=== Source material ===
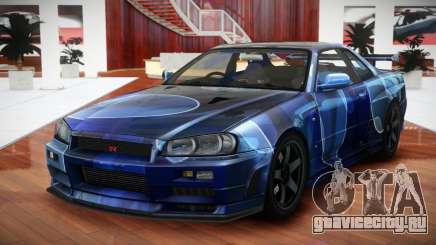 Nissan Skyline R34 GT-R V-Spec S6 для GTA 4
===
=== Source material ===
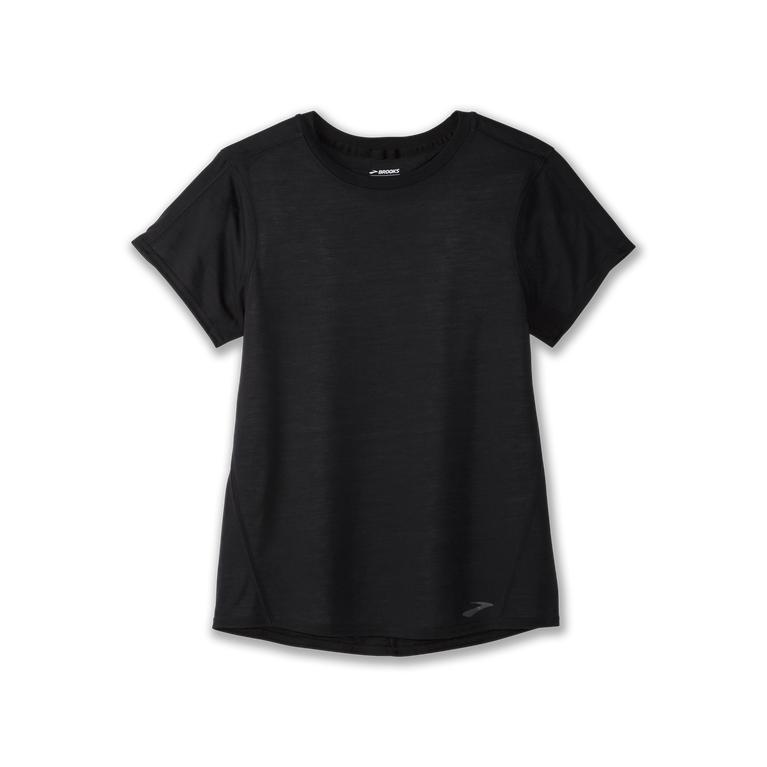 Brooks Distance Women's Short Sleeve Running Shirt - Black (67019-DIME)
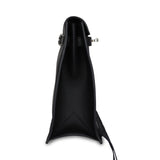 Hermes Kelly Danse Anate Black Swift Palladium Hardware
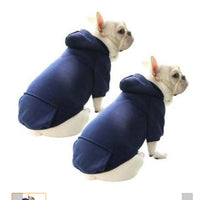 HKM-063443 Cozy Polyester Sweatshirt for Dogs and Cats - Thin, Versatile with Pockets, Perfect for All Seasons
===
=== Source material ===
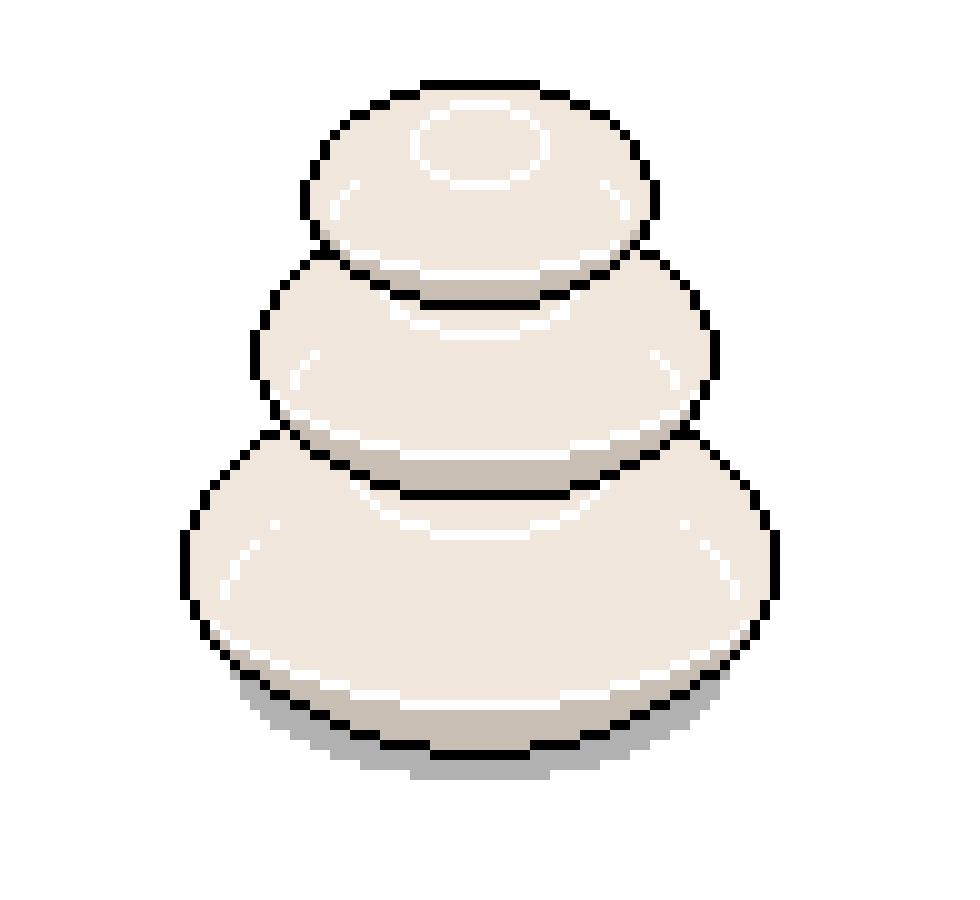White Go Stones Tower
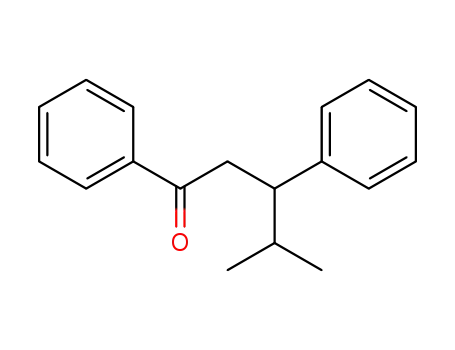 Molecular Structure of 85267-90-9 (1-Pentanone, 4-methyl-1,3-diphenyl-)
===
• _To do_
Set down, exactly as written above, each line from the one with "Hermes Kelly Danse" through the one with "HKM-063443 Cozy Polyester", and skip the pictures.

• _The answer_
 Hermes Kelly Danse Anate Black Swift Palladium Hardware
 HKM-063443 Cozy Polyester Sweatshirt for Dogs and Cats - Thin, Versatile with Pockets, Perfect for All Seasons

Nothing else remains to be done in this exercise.